Under the terms of the agreement, the transaction features an initial closing payment of $50 million. An additional earn-out consideration of up to $150 million is contingent upon structural value creation within the Chilean market. Crucially for Millicom’s investors, the acquired business will not be consolidated into Millicom’s financial statements during the period of joint ownership. All financial obligations, including existing debt and the earn-out payments, are non-recourse to Millicom and will be serviced exclusively by the cash flows of the acquired entity. To further ensure stability, Telefónica is required to contribute approximately USD 92 million (CLP 79 billion) at closing to fortify the company’s balance sheet.

The partnership includes a robust shareholders’ agreement that outlines a clear path for future ownership. Millicom maintains a call option to acquire NJJ’s stake during the fifth and sixth years following the closing. This option is set at a 10% discount to Millicom’s prevailing trading multiples and can be settled in Millicom shares. Should Millicom decline to exercise this option, NJJ holds a reciprocal call option to acquire Millicom’s 49% stake under similar pricing methodologies. This “option-based” approach allows Millicom to manage the asset’s turnaround before committing to full ownership.

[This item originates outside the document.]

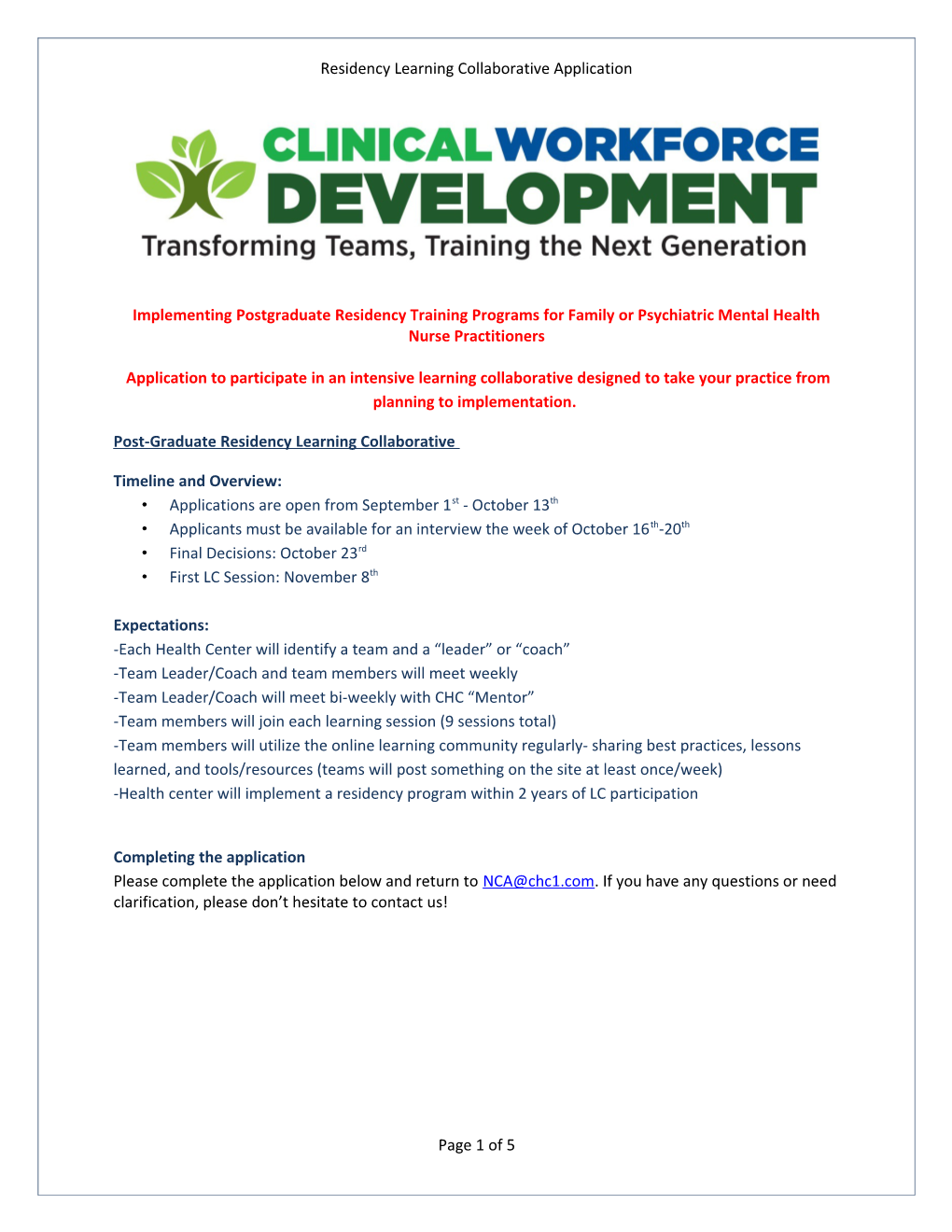 Residency Learning Collaborative Application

From an operational standpoint, Millicom will lead the business from day one. The company intends to implement its “operational playbook” to stabilize what has been characterized as a challenged asset. Marcelo Benitez, CEO of Millicom, emphasized that the deal reflects a disciplined and pragmatic approach to value creation. By isolating leverage and limiting upfront risk, Millicom gains immediate operational control in one of Latin America’s most developed and competitive telecommunications markets without compromising its broader financial health.

For Telefónica, the divestment aligns with a broader corporate strategy to reduce exposure in Spanish-speaking Latin America and refocus resources on core markets in Spain, Brazil, Germany, and the United Kingdom. This shift, accelerated under the leadership of CEO Marc Murtra, addresses the lower profitability relative to the cost of capital in certain regional markets. The total valuation of the deal, including fixed components and deferred payments based on financial milestones, reaches approximately $1.22 billion.

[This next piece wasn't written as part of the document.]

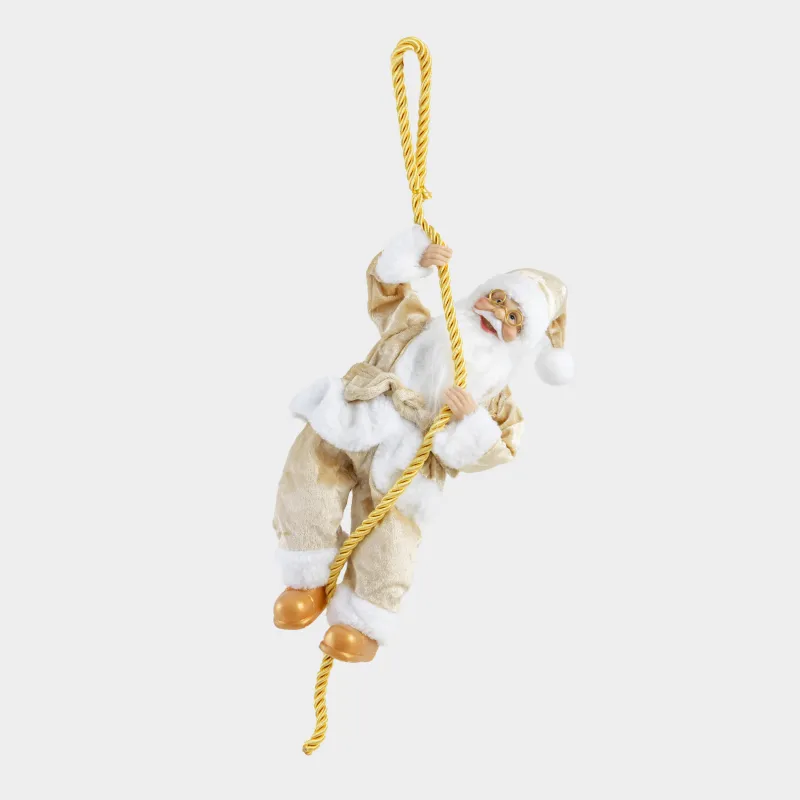 Изделие декоративное, 40 см, подвесное, пластик/полиэстер, золотистое, Санта на канате, Magic time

The acquisition places Millicom and NJJ at the helm of a critical infrastructure provider in Chile, a nation recognized by the IMF and World Bank for its stable macroeconomic framework and prudent fiscal management. As the partners look to modernize the network and enhance service innovation, the deal stands as a calculated bet on Chile’s high broadband penetration and the sustained demand for high-quality digital connectivity.